In such a case, look at the output of the script carefully and check the steps which went successfully and the point after which it failed. Since it is all bash commands and most bash commands output errors when they encounter insufficient permissions, you would be able to catch the culprit. Gazing at the output is the key here.
Executable permissions on script
In one of the newer projects, I copied the script to the server but forgot to make it executable. Trying to run the script just said that command could not be found (or something to that effect) which is a bit misleading. If you happen to encounter such a error, make sure you check the permissions on the script. Run a
chmod u+x on the script to make sure it runs.
The invisible deploy.lock file
This one is weird!
At a time when I had to update the production back to back testing small changes, I found that some subsequent deployments were complaining about the
deploy.lock being present despite the previous deploys being successful! I had another SSH session open in a second terminal tab; so I did a
ls using that session in my base_dir and the file (
deploy.lock) was not there. So I ran the deployment again (from a different tab, using a aliased command as explained here) and it worked.
This behaviour never occurred when I was not logged into the server from a separate tab! I am not sure why this happens; maybe the session from the second tab holds the file list in the OS cache and when the deployment script runs, the cache was being used and that caused the trouble.
Whatever be the reason, if you come across this, run
ls in the second terminal from which you SSHed into the server and that should solve it. Better yet, if you don’t need to be logged into the server, just don’t run the second SSH session.
Puma restart fails
This too is unexplainable. But it happens at times: the puma restart step reports success but puma does not restart. This causes a 502 (Bad Gateway) error because nginx fails to connect to the puma backend! Most of the time, re-running the deployment script (which hardly takes 4-5 seconds) solves the issue.
The problem is - there are no error messages shown by pumactl and so you don’t know if it silently failed and why!
It is recommended that every time you deploy your app, try to access any page/API from the app which does not change any data. If you get a 502, re-run the deployment. If the server responds as expected, puma did not fail.

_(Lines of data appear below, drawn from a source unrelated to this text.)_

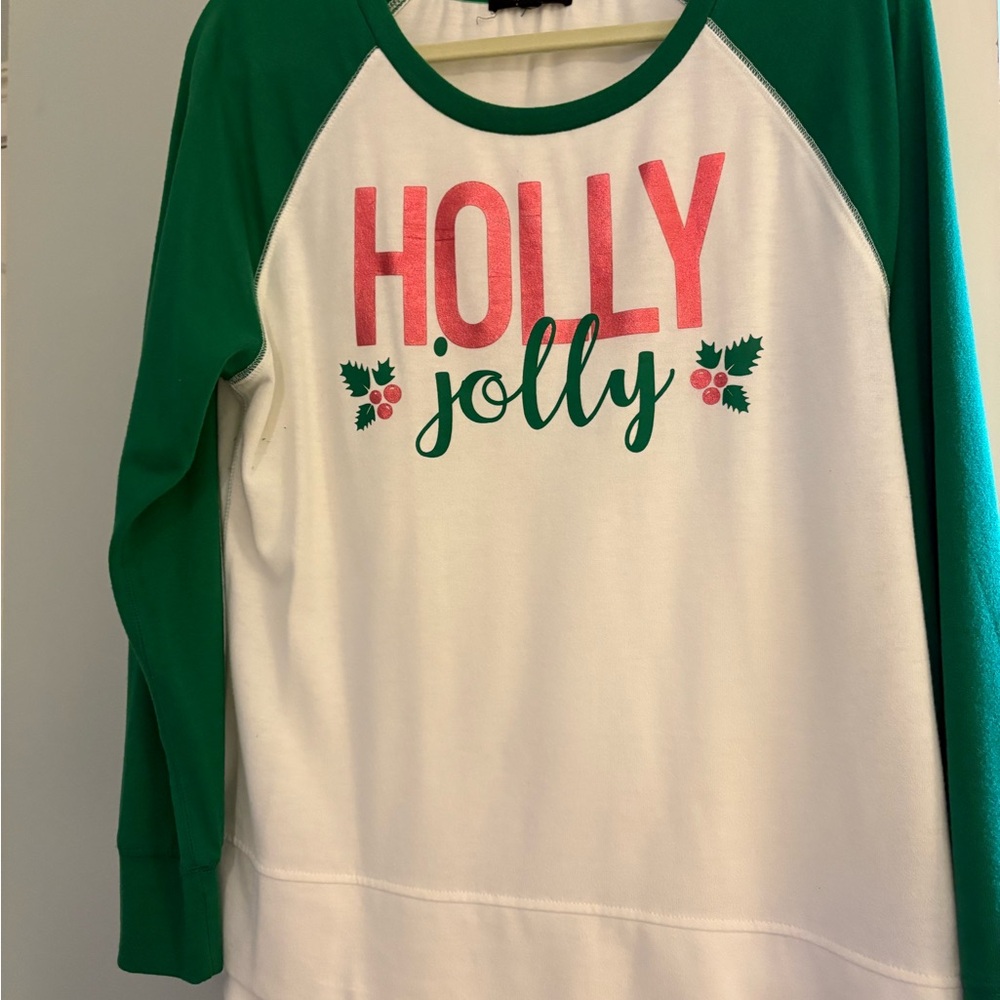 Green and White 'Holly Jolly' Raglan Shirt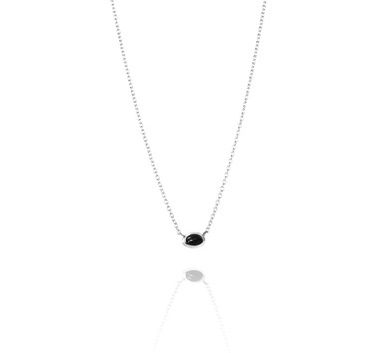 Love bead necklace silver - onyx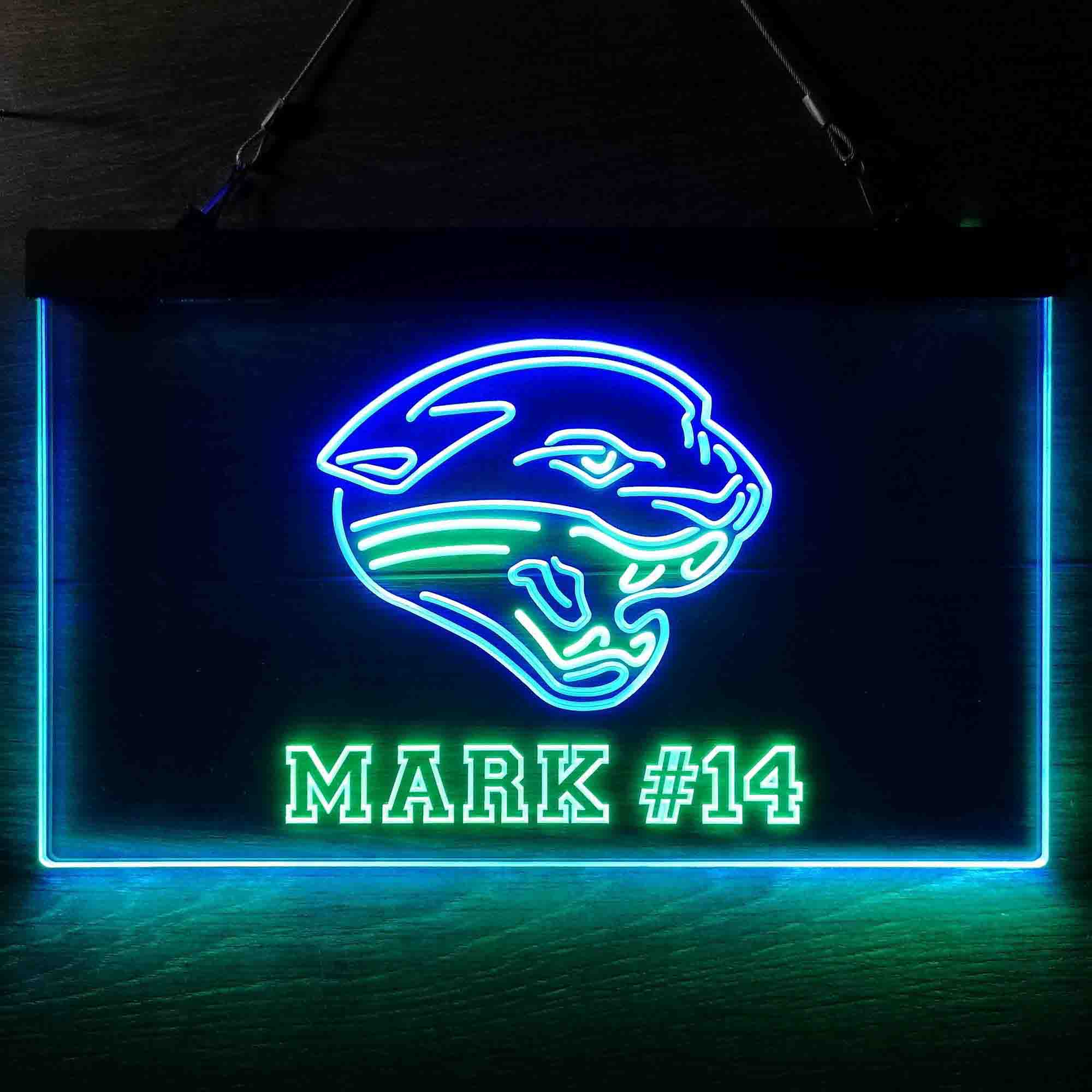 Personalized Jacksonville Jaguars Team Number Neon-Like LED Sign - ProLedSign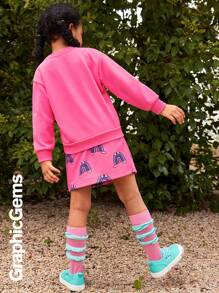 Bộ 2 món/Bộ áo nỉ in hình cầu vồng hoạt hình cho bé gái và chân váy in toàn thân - Màu Hồng Tươi - Xem 2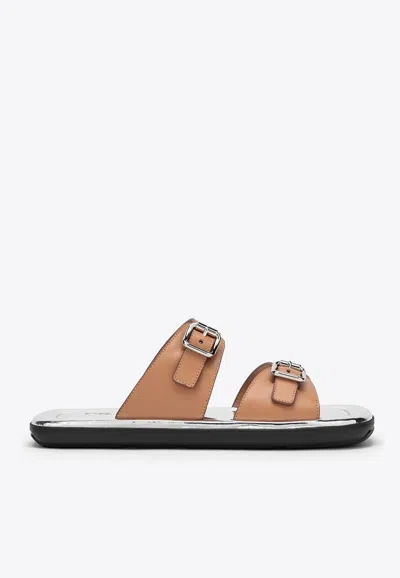 Prada Logo Leather Sandals In Brown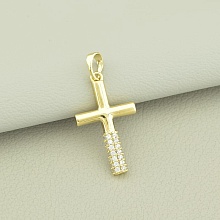 картинка Крестик 'XUPING' Фианит (позолота 18к (лимонная)) от магазина Wolves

Remember that you don’t need to restart nginx for the 502. The fact that you are getting any response means that nginx is working fine (unless you made any other changes to its config file and reloaded/restarted nginx).

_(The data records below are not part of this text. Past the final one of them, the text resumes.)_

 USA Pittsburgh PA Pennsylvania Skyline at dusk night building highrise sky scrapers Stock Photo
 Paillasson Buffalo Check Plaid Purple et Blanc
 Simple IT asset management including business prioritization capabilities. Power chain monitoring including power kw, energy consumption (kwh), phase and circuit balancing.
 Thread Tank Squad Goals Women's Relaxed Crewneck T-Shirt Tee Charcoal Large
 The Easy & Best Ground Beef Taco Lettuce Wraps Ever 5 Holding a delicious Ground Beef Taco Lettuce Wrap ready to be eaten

Sidekiq PIDs not being reported
I have seen this happening with Sidekiq restarts at times - that the script just reports a blank PID after sidekiq restarts. This is because sidekiq takes quite a bit of time to restart (especially of there are jobs running). It is best to introduce/increase the delay between sending the restart command to sidekiq and reading its PID file.
In my experience waiting for 15 seconds mostly works (the PID file is refreshed with the new PID within that duration) but can be longer if your app is larger in size.